Published August 25, 2008 09:59 am -
Tax study group replicates some legislative duties
By EMILY WAGSTER PETTUS, Associated Press Writer
Here’s a spiffy idea: Someone should pick a group of people to decide what kind of taxes Mississippians will pay.
Members of this group will spend months hearing testimony from job-creation experts. They’ll thumb through stacks of documents to review regional and national trends. They’ll consider ideas from the general public. They’ll weigh what works and what doesn’t.
And at the end of this lengthy process, they’ll recommend a list of tax-code changes.
Gov. Haley Barbour created just such a group back in January as he prepared to launch his second term in office.
The hitch?
Mississippi already had a group of people paid to do exactly the kind of public policy analysis the governor asked his volunteer group to do.

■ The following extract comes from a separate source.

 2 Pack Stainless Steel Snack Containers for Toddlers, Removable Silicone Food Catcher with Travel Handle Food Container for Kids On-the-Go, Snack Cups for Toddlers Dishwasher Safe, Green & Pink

The existing group is called the Legislature — 122 House members and 52 senators chosen, for better or worse, by the voters of this state.

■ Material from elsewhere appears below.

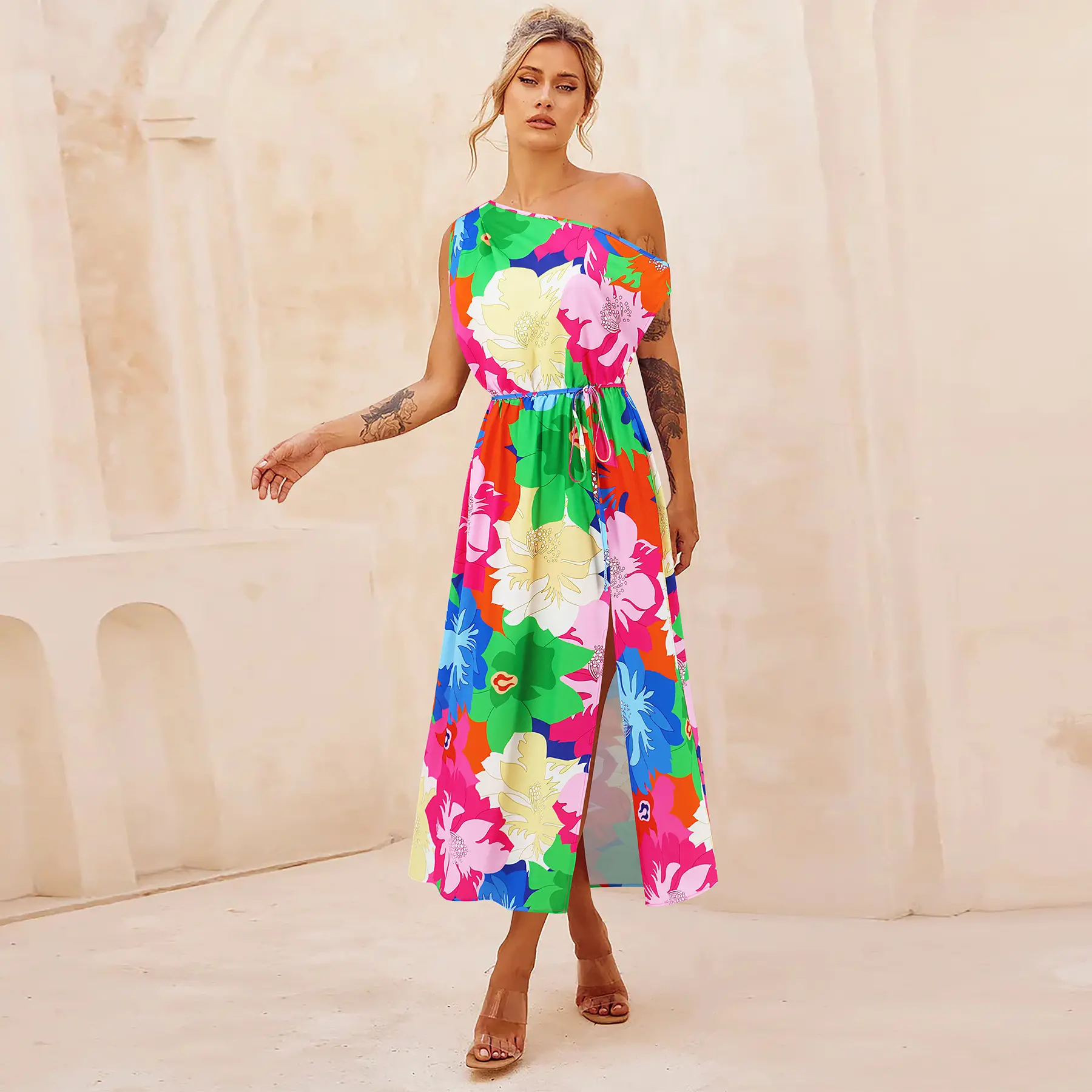 Customized design women clothes apparel sleeveless bright-coloured blooming floral printing slit dresses with drawstring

As the governor’s tax study commission releases its final report this week, nobody is criticizing the members’ work ethic. Goodness knows, they’ve spent hundreds of hours and exerted plenty of brainpower to examine Mississippi’s tax system.
However, several critics have noted that the governor’s commission — through no fault of the members — is far from representative of Mississippi’s population. It is overwhelmingly male, white, conservative and business oriented.
The Legislature, by sharp contrast, represents widely divergent political viewpoints. After decades of civil-rights challenges and court battles, it also nearly mirrors the black-white balance of Mississippi’s population. Women are still underrepresented as a percentage of the population, but that isn’t fixed through redistricting.
Mississippi NAACP president Derrick Johnson said early this year that he believed Barbour chose a tax study group that would write a report reflecting the governor’s own wishes. Tax cuts for businesses. Changes in personal income taxes to benefit middle- and upper-income Mississippians. No reduction in the 7 percent grocery tax.
Turns out, Johnson was right about the group’s suggestions.
The commission can make recommendations, but it can’t enact any changes in the state tax code. That is the sole responsibility of the bureaucracy already in place — the elected men and women of the Mississippi Legislature.
Once the report goes to the House and Senate, there’s no guarantee Barbour will get his way. The smart money says that the governor will get only part of what he wants.
Barbour’s immediate political benefit is that he can use the commission’s report to show lawmakers he’s not alone in wanting certain changes in the tax structure. He’ll argue that some of the state’s brightest minds came up with the list.